Early in his neo-pro season (2019), he rode the famed Strade Bianche and came 30th. A month later, he was sixth in the Gran Premio Miguel Indurain, gearing up for his first Northern classics: DNF in the Amstel Gold Race, 53rd at La Flèche Wallonne and 18th in Liège-Bastogne-Liège, finishing in the same group as Julian Alaphilippe and the former UCI World Champion Michal Kwiatkwoski, after 256 demanding kilometres of racing, at just 20 years of age.
“I’m happy with that performance”, he reflected at the end of the 2019 season. “It was one of my hardest races this year but there’s nothing to be afraid of with the kilometres. It was raining all day, it was a long race but I was feeling really good.”

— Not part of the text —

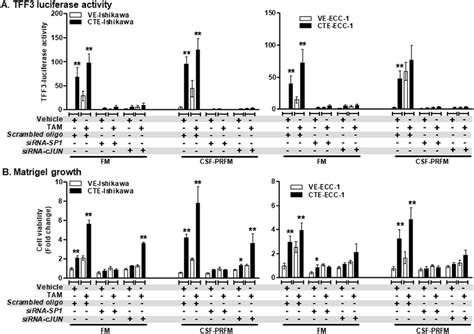 Sirna Mediated Depletion Of Sp Or C Jun Expression In Er Ec Cells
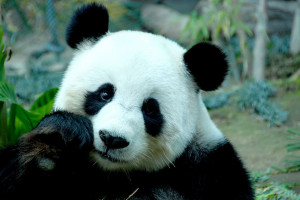 panda, giant panda, panda free, panda info, panda anti virus, panda ...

As a kid, Tadej already had a knack for the unique intensity one-day races can bring: “The crowd, the adrenaline of racing… The Sunday races, it was small races in Slovenia, but it was exciting and full-on adrenaline.” As he grew up through the world of cycling, Pogačar also ventured onto the cobbles of the Tour of Flanders U23, in 2018. The Slovenian youngster was only 19, racing with more seasoned riders, but he reached Oudenaarde at the front and finished 15th, in the same group as the Swiss Marc Hirschi.
Tadej Pogačar hasn’t had many opportunities to show his talents on one-day races in 2020 but he returned to Strade Bianche (13th) when competitive cycling came back this summer, and he showed on the longest Monument of all that he doesn’t fear long-distance racing: 12th on a 300km Milano-Sanremo.
Pogačar isn’t the only Slovenian shining these days and, before Slovenia became the 15th country to have a Tour de France winner, Primož Roglič (Team Jumbo-Visma) had already claimed his nation’s first Grand Tour victory, in the 2019 Vuelta Ciclista España. At the end of August, Luka Mezgec (Mitchelton-Scott) came second in the Bretagne Classic – Ouest-France. A rider like Bahrain-McLaren’s Matej Mohoric has proved his worth over one-day events with victory in the U23 UCI Road World Championships (2013, before turning 19) and two-top 10 finishes in Sanremo (5th in 2019, 10th in 2020). Now Pogačar is joining them on the hunt for one-day triumphs.